*** INFORMATION SHOWN ***

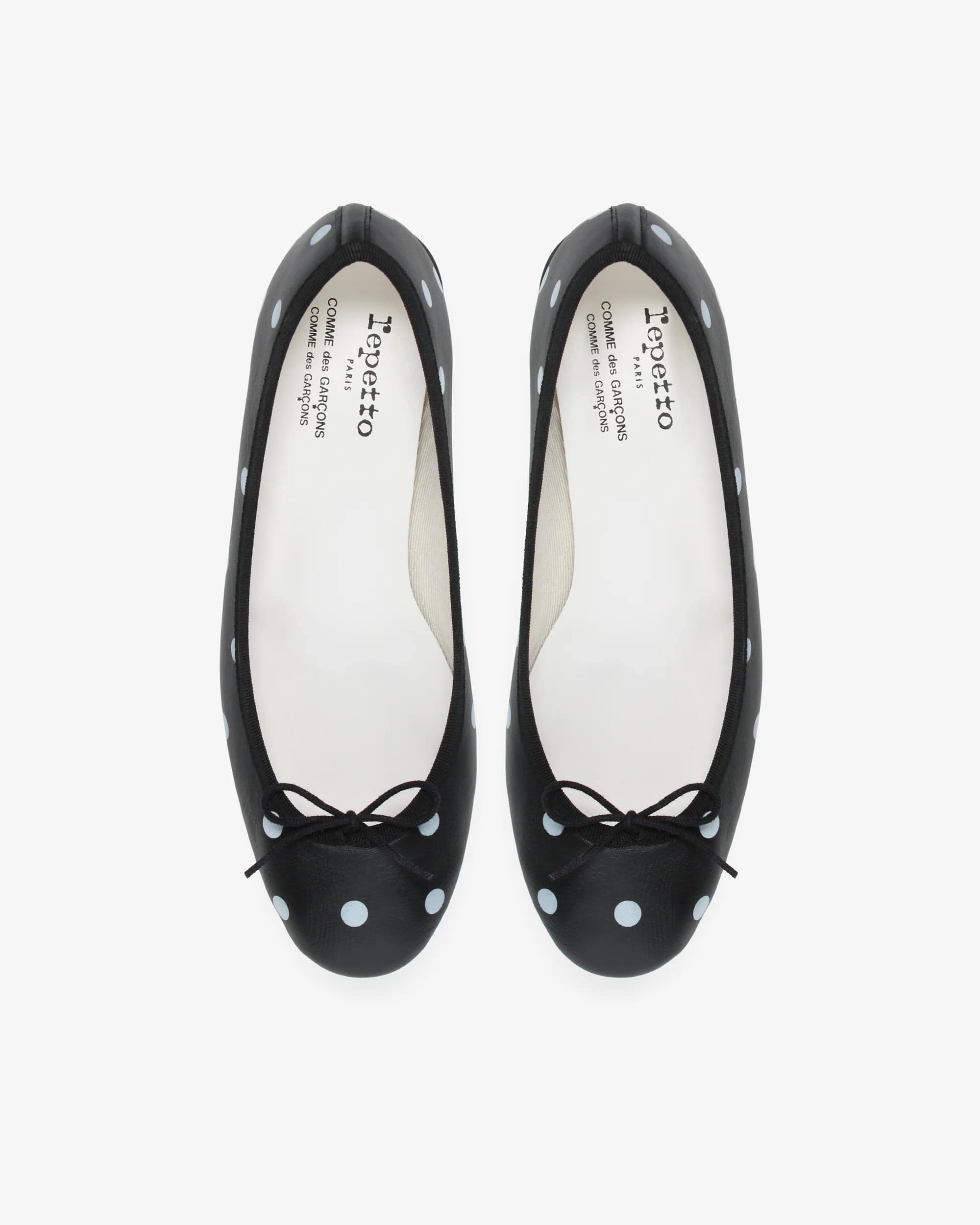 〔WEB限定〕Repetto x COMME des GARCONS COMME des GARCONS - Camille バレリーナ - EUサイズ - ノワール / ポルカ ドット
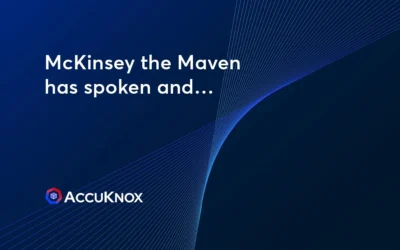 McKinsey the Maven has spoken and…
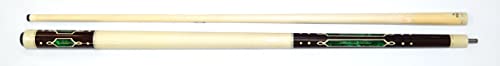 Meucci Sb5-G Handcrafted Billiards Pool Cue Stick + Pro Shaft - Green + Hard Case #TOP1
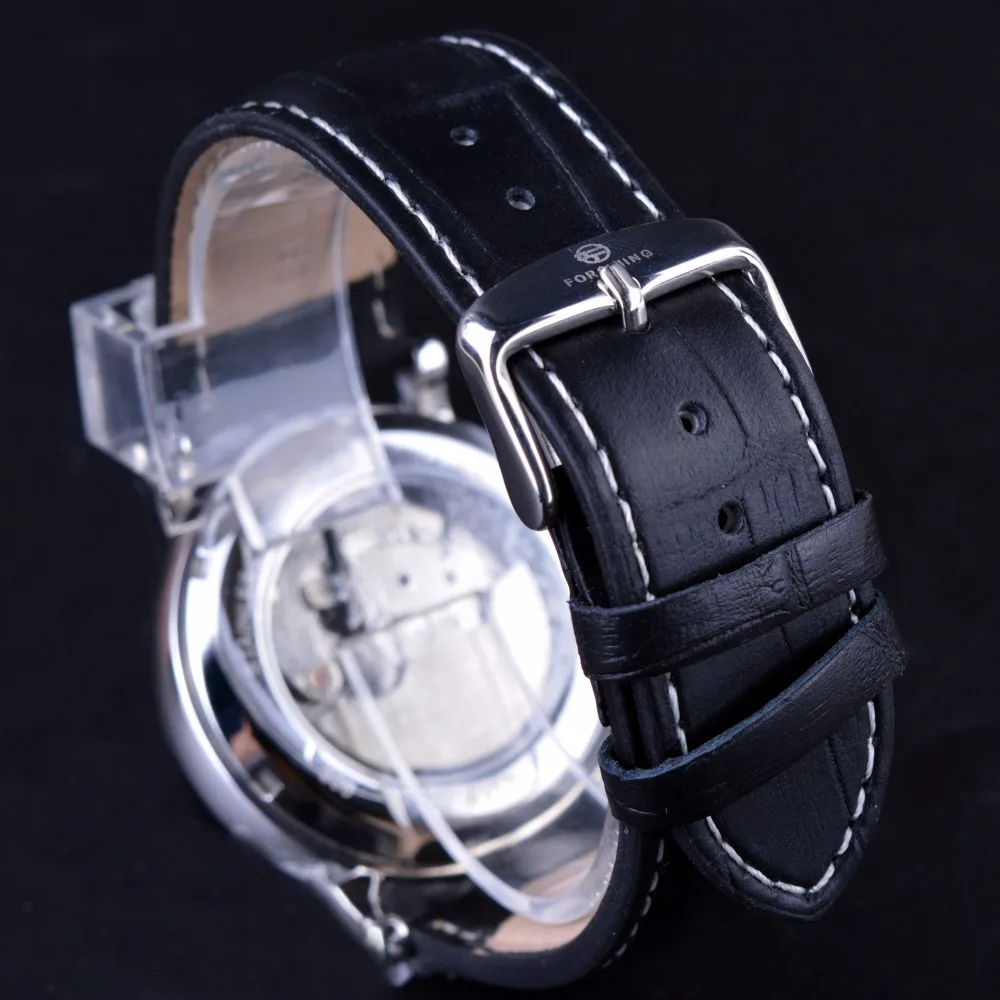 Мужские автоматические часы-циферблат Forsining со светящимся циферблатом | Наручные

*** End of INFORMATION SHOWN ***

■ **YOUR INSTRUCTIONS**
All of the lines above must be repeated without alteration, though the pictures are to be excluded.

■ **TASK SOLUTION**
 〔WEB限定〕Repetto x COMME des GARCONS COMME des GARCONS - Camille バレリーナ - EUサイズ - ノワール / ポルカ ドット
 McKinsey the Maven has spoken and…
 Meucci Sb5-G Handcrafted Billiards Pool Cue Stick + Pro Shaft - Green + Hard Case #TOP1
 Мужские автоматические часы-циферблат Forsining со светящимся циферблатом | Наручные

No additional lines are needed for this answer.